Spotlight On: Peter Gallo, President, MRCC (Mahwah Regional Chamber of Commerce)

Spotlight On: Peter Gallo, President, MRCC (Mahwah Regional Chamber of Commerce)

2021-12-29T15:51:32-05:00December 29th, 2021|Economy, North & Central Jersey, Spotlight On|

MRCC Peter Gallo

2 min read December 2021 — The Mahwah Regional Chamber of Commerce recently rebranded itself as MRCC to reflect its wider impact in North Jersey, both geographically and economically. Leveraging flexible communication with impactful resources will be critical to the county’s economic recovery, President Peter Gallo told Invest:. “It will be a pivot but growth will return, especially for those who were able to adjust,” Gallo said. 

What strategies and lessons learned has the Chamber used to grow in the past year?

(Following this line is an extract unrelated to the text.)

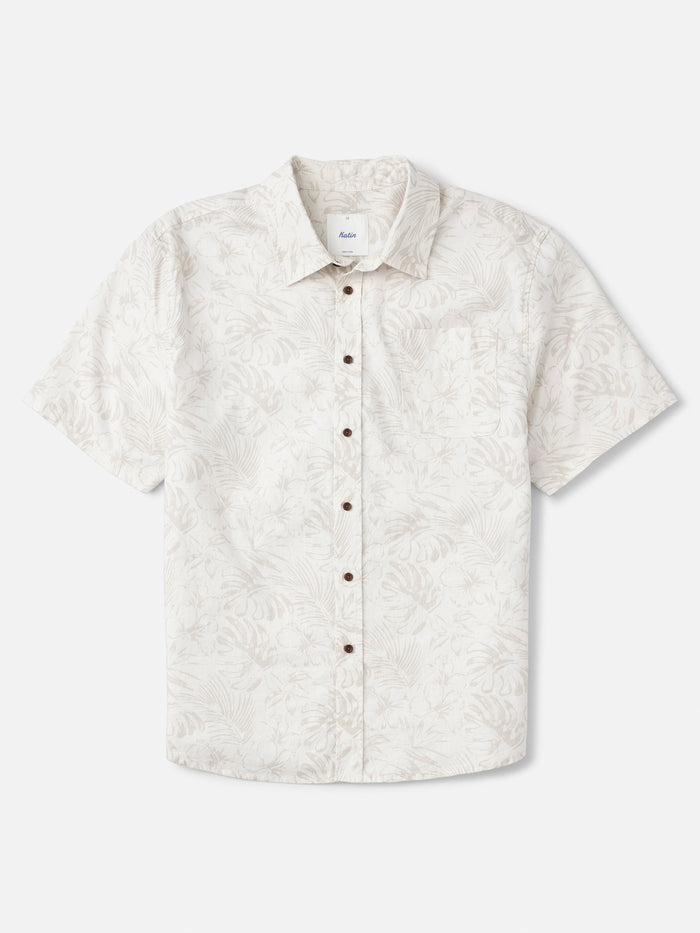 Katin Moco Shirt in Birch, laid flat, front view showing the chest pocket #color_birch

Like most businesses, we had to pivot. We’ve rebranded to MRCC because we represent 92 communities in multiple counties spanning 2 states and we didn’t want to scare people away who weren’t from Mahwah. We used to have a lot of in-person events but with the pandemic we had to do more small-sized remote events and so networking became more challenging. We have a number of large members, such as M&T Bank, TD Bank and Konica Minolta, but at least half our membership are small local businesses that are really struggling to get by and so we had to cater to both and come up with new events members wanted to attend.

Did you have to use different strategies to reach out to members, and do you see these continuing into the future?

Our communications shifted gears from providing networking opportunities to information dissemination. We became a resource for compiling information so members had it at their fingertips. When businesses applied for a PPP loan, we were sure to promote member banks. Times have changed but we still have to be there for our members to help them grow. A lot of those are smaller organizations.

What challenges and opportunities has MRCC been experiencing?

People are tired of being at home and want to get out. Recently, we had a golf outing to support local organizations and it was our largest outing in years. The challenge is still there to bring back members we’ve lost during the pandemic, to remind them that we’re a valuable resource. We’ve found that a lot of businesses are relocating from New York. If you no longer need the office space or address, moving here is a lot cheaper. Businesses are shifting to a more local mindset than the city can offer and many local businesses have successfully pivoted to embrace more e-commerce. Some businesses had to close down, many more struggled, but others had their most profitable year ever and much depended on how well you could pivot. This may be specific not to an industry but more of a mindset.

Is there any legislation or regulations that you’re following that would affect the chamber or North Jersey?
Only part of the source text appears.